··· Data records ···

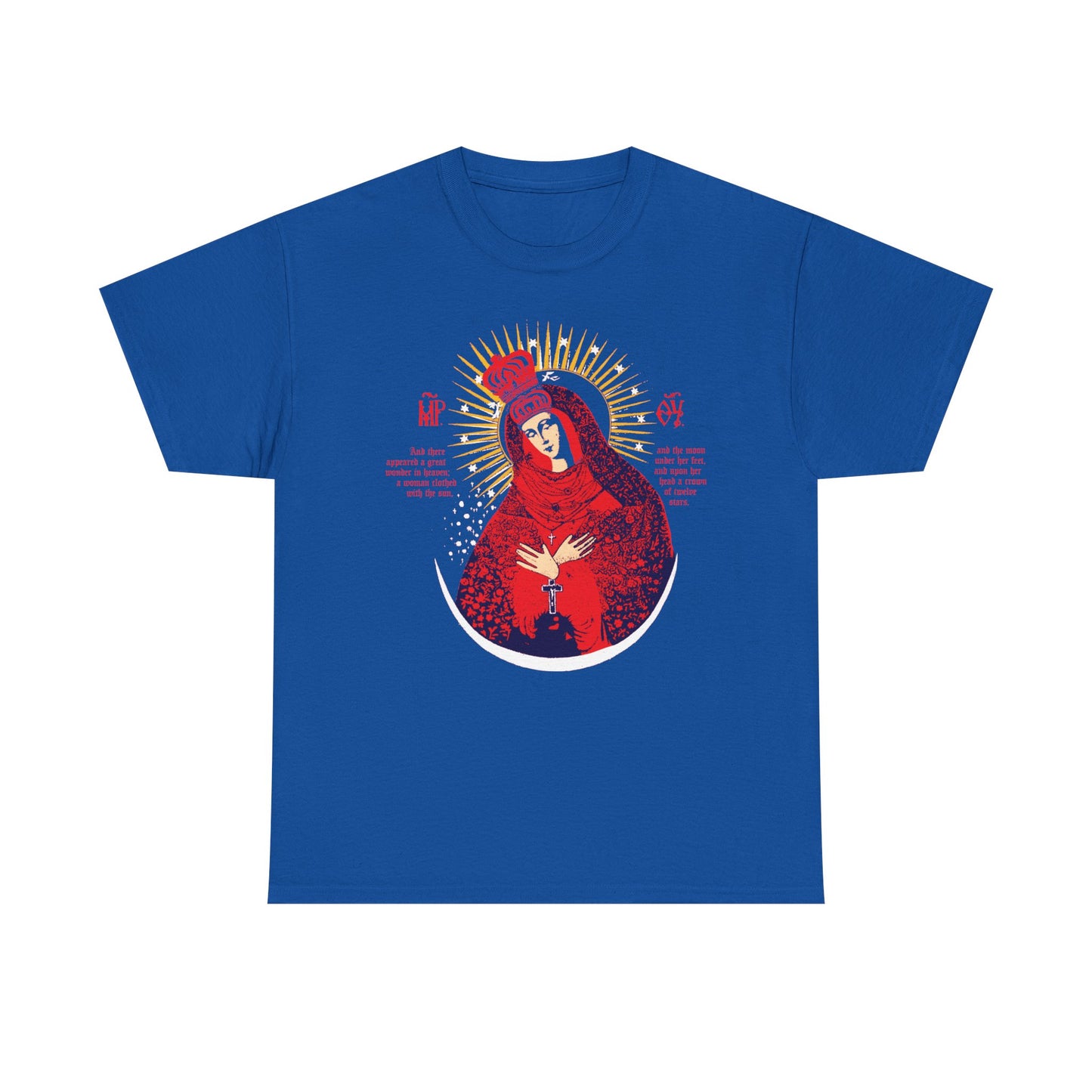 Royal blue heavy cotton t-shirt featuring the "Our Lady the Gate of Dawn Icono-Graphic" design: a saintly woman with halo, hands to chest, in red, blue & gold. Inspired by Vilnius's renowned icon. Christian-themed and vibrant.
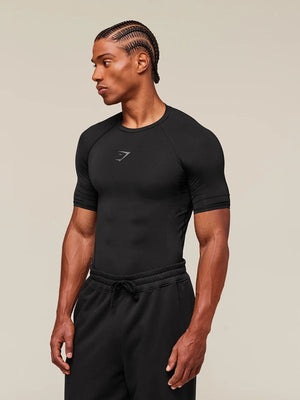 GYMSHARK Sports Fitness Running Printed Tight T-shirts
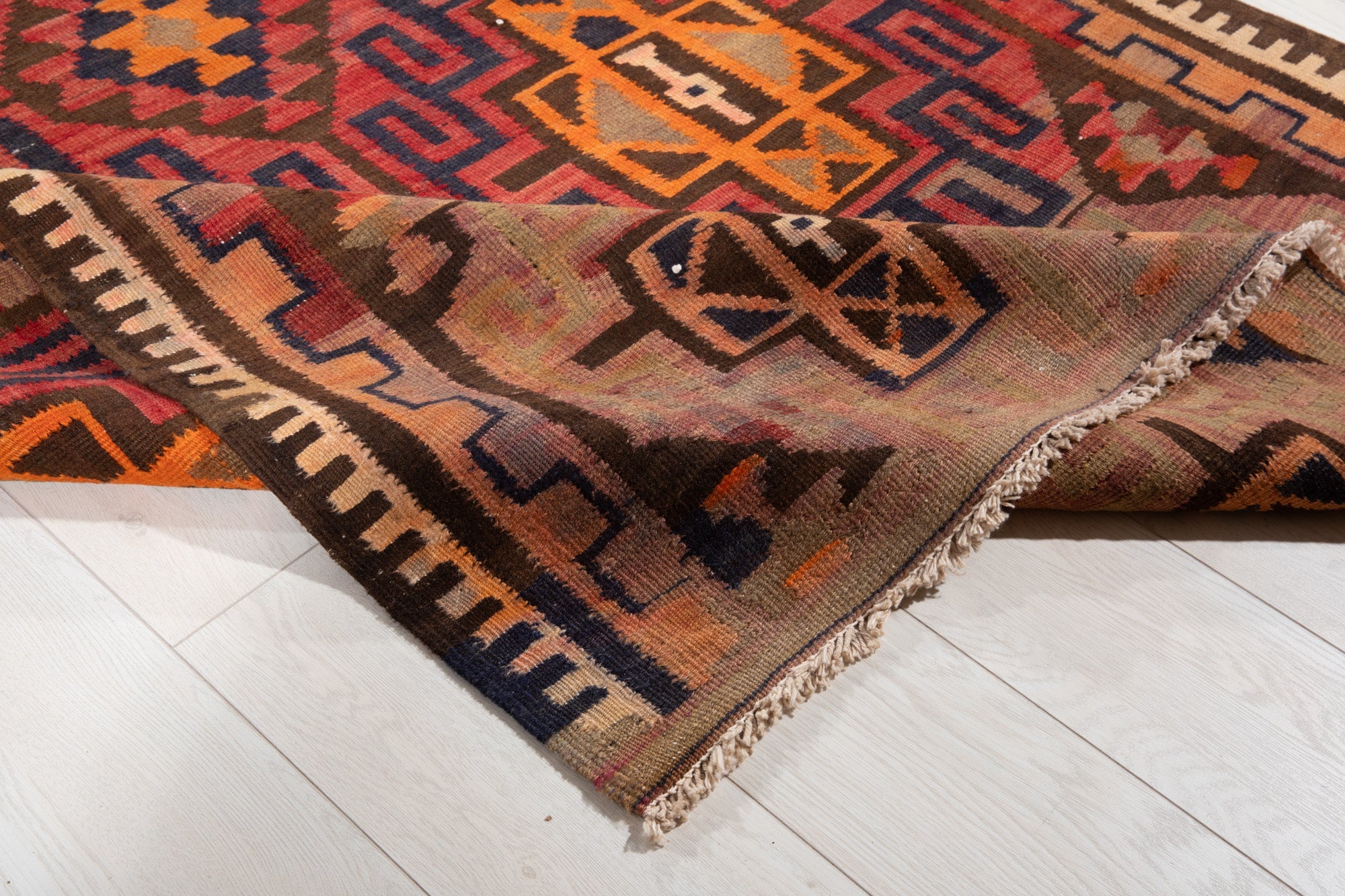 Handwoven Vintage Wool Kilim Runner Rug – 11' 4" x 4' 2" (346 × 126 cm) - Yasi & Fara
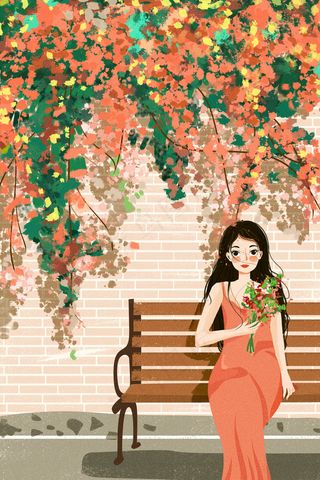 春天夏天花卉女孩藤蔓椅子夏至红色系场景
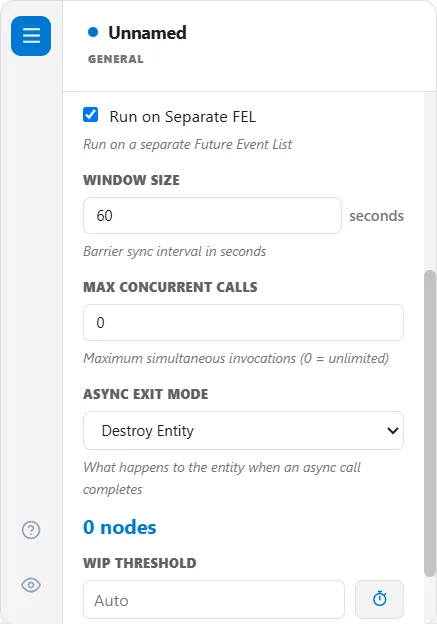 The General tab of a Process Group, scrolled down: Run on Separate FEL ticked, Window Size 60 seconds, Max Concurrent Calls 0, Async Exit Mode set to Destroy Entity, the count 0 nodes, and WIP Threshold set to Auto.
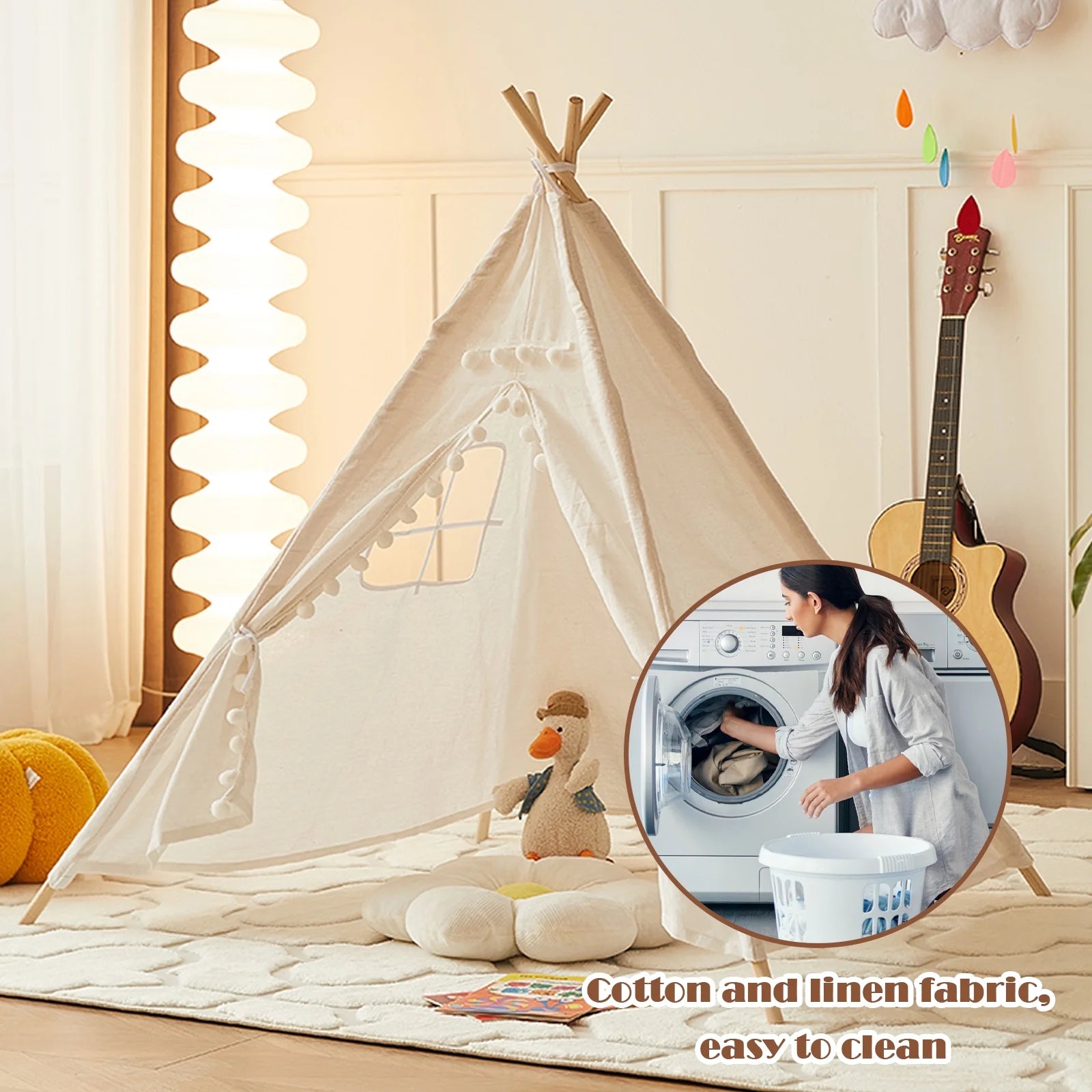 Teepee Tent for Kids, Play Tent with Pompom Ball Design,Washable Foldable Kids Tent for Indoor and Outdoor, Playhouse Toys for Toddler, Boys and Girls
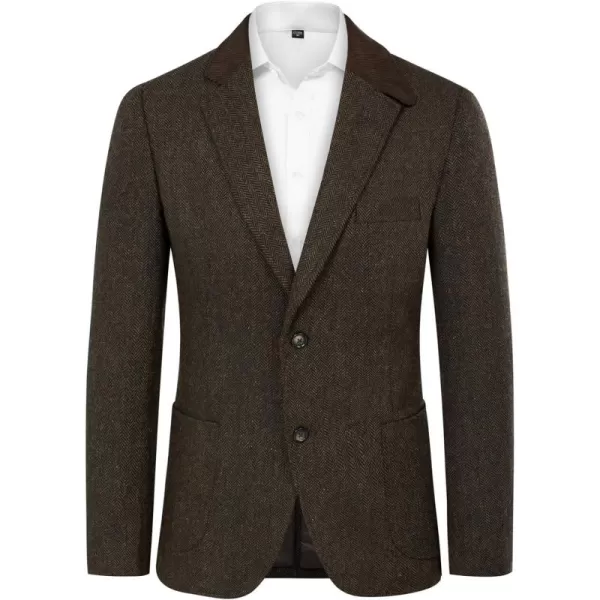 PJ PAUL JONES Mens Herringbone Blazer Vintage Tweed Wool Blend Sport Coat Jacket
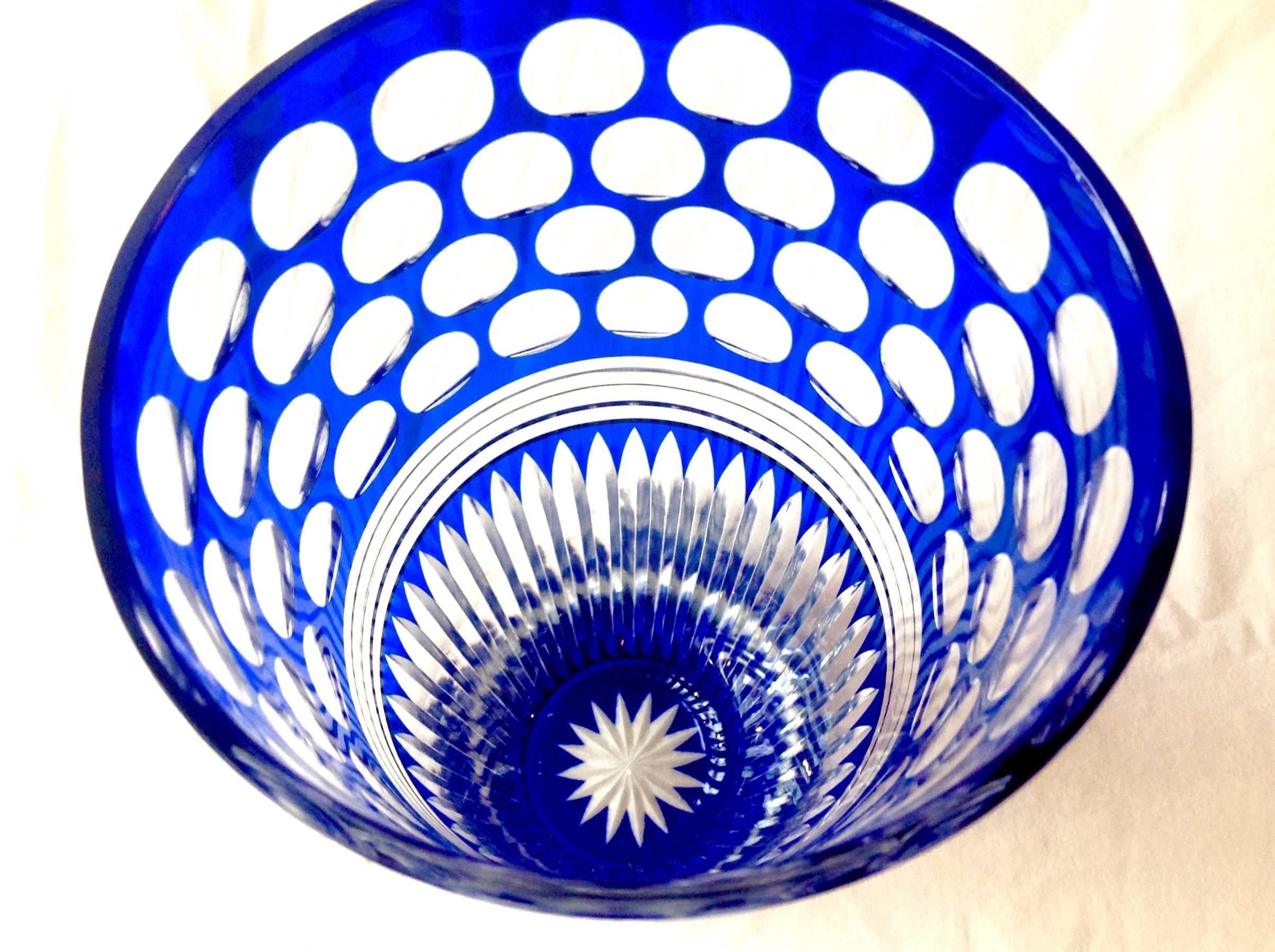 Bohemian Czechoslovakian Cut Crystal Cobalt and Clear Vase For Sale 1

···

What you have to do: Could you reproduce the records above exactly, leaving out every picture?

Exercise solution:
 Royal blue heavy cotton t-shirt featuring the "Our Lady the Gate of Dawn Icono-Graphic" design: a saintly woman with halo, hands to chest, in red, blue & gold. Inspired by Vilnius's renowned icon. Christian-themed and vibrant.
 GYMSHARK Sports Fitness Running Printed Tight T-shirts
 Handwoven Vintage Wool Kilim Runner Rug – 11' 4" x 4' 2" (346 × 126 cm) - Yasi & Fara
 春天夏天花卉女孩藤蔓椅子夏至红色系场景
 The General tab of a Process Group, scrolled down: Run on Separate FEL ticked, Window Size 60 seconds, Max Concurrent Calls 0, Async Exit Mode set to Destroy Entity, the count 0 nodes, and WIP Threshold set to Auto.
 Teepee Tent for Kids, Play Tent with Pompom Ball Design,Washable Foldable Kids Tent for Indoor and Outdoor, Playhouse Toys for Toddler, Boys and Girls
 PJ PAUL JONES Mens Herringbone Blazer Vintage Tweed Wool Blend Sport Coat Jacket
 Bohemian Czechoslovakian Cut Crystal Cobalt and Clear Vase For Sale 1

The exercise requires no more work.